TO DO —
Copy the data that follows exactly, and include none of its images.

DATA PROVIDED —
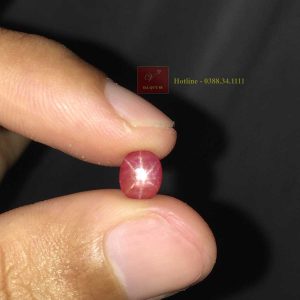 Viên đá ruby sao tự nhiên mài sống 1.7ct mặt nhẫn, mặt dây chuyền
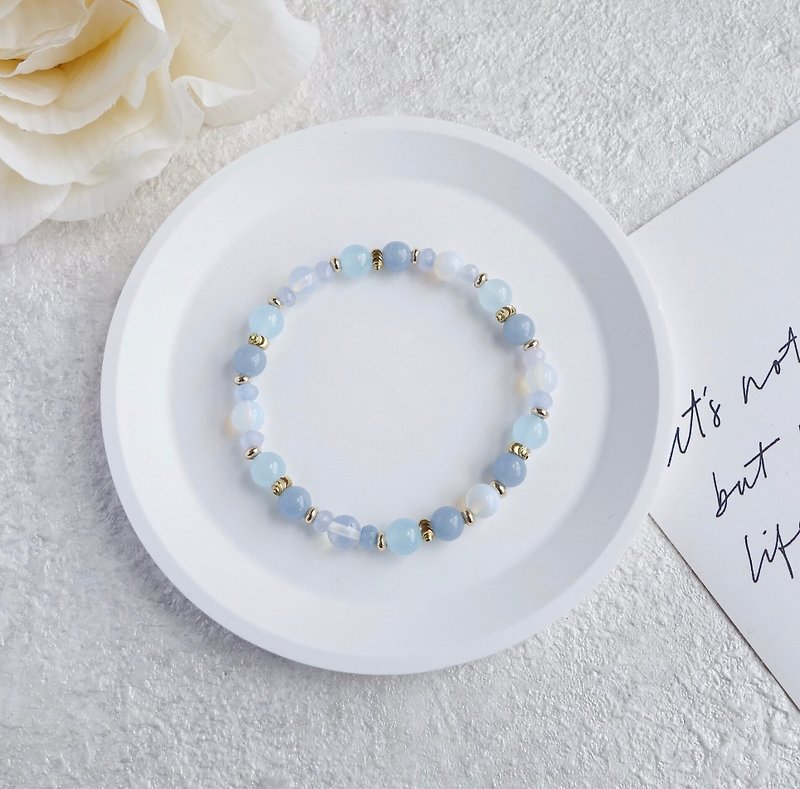 Planet Mercury || Angel Stone Aquamarine Blue Chalcedony Opal Crystal Bracelet - สร้อยข้อมือ - คริสตัล ขาว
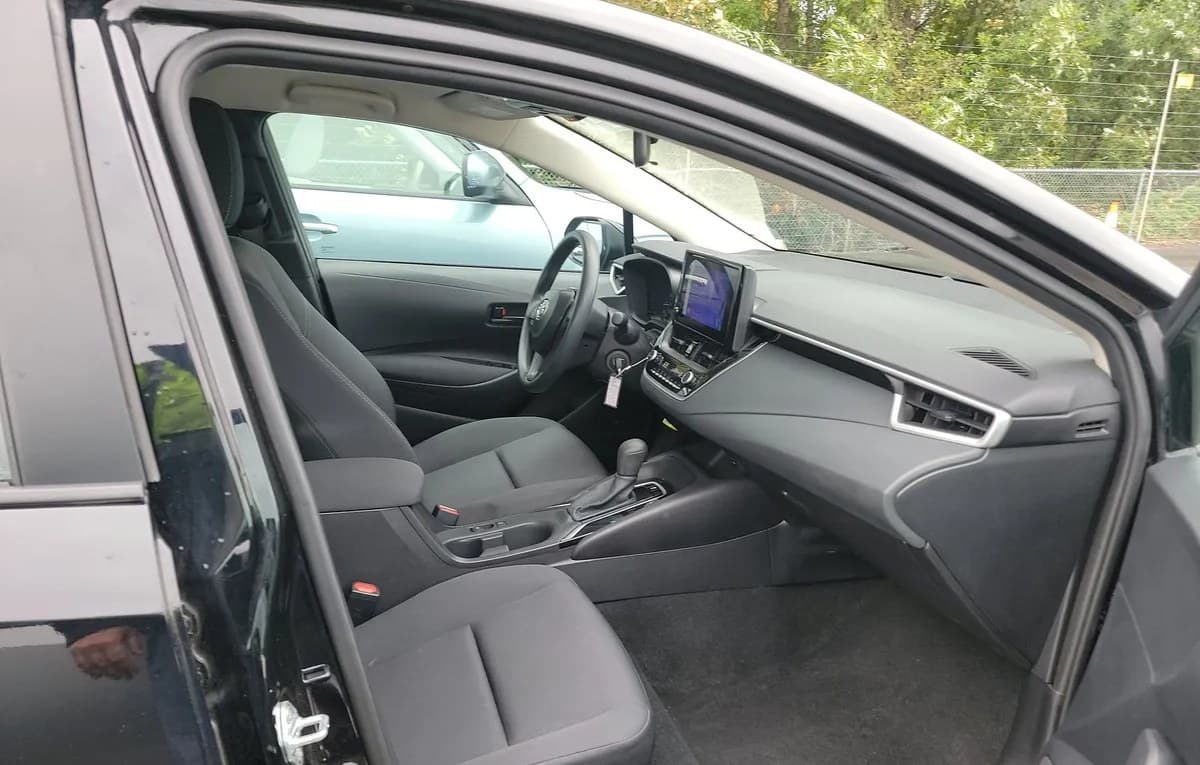 2025 TOYOTA COROLLA LE 5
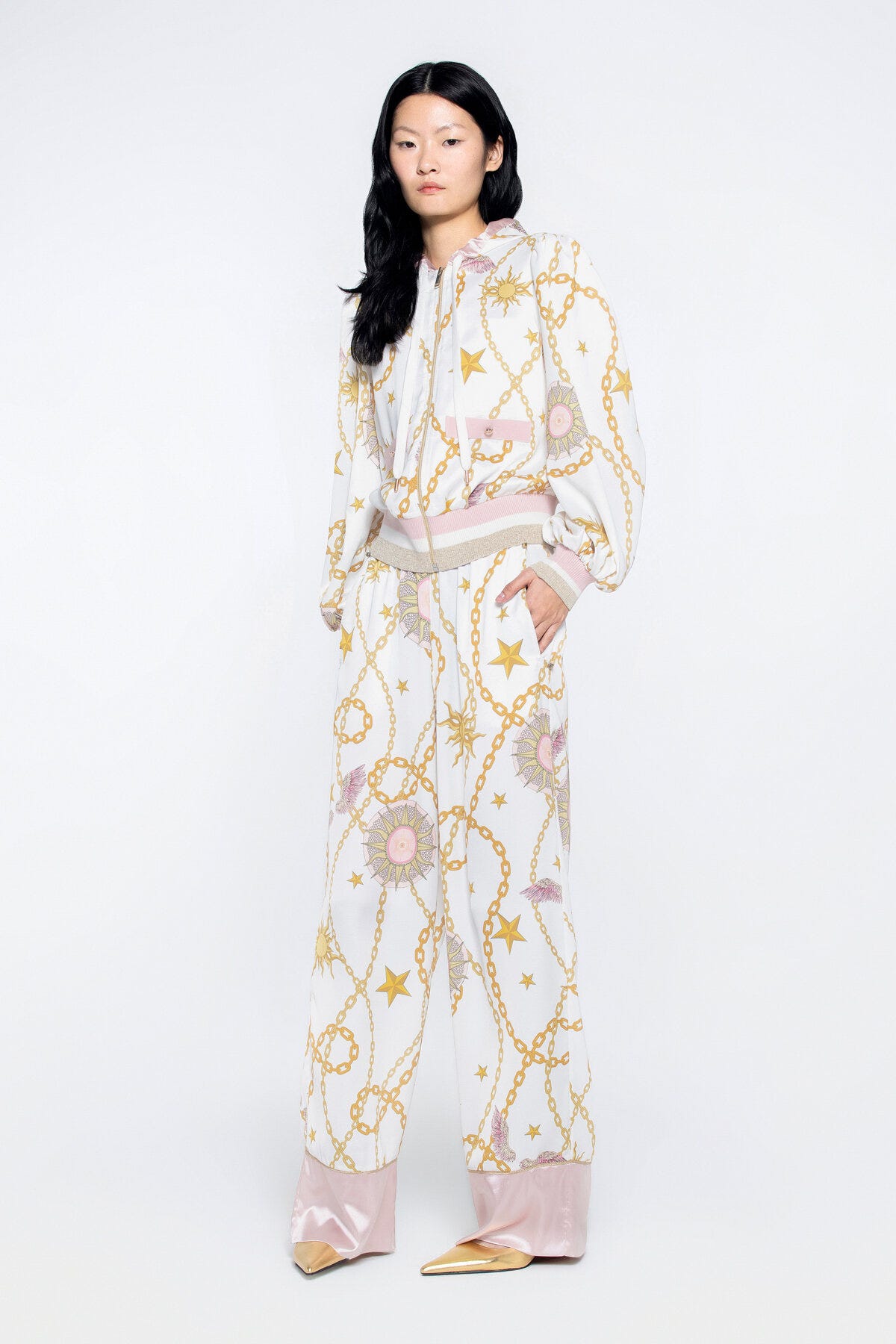 Manşet Ve Etek Ucu Ribanalı Kapşonlu Özel Desen Hırka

ANSWER AREA —
 Viên đá ruby sao tự nhiên mài sống 1.7ct mặt nhẫn, mặt dây chuyền
 Planet Mercury || Angel Stone Aquamarine Blue Chalcedony Opal Crystal Bracelet - สร้อยข้อมือ - คริสตัล ขาว
 2025 TOYOTA COROLLA LE 5
 Manşet Ve Etek Ucu Ribanalı Kapşonlu Özel Desen Hırka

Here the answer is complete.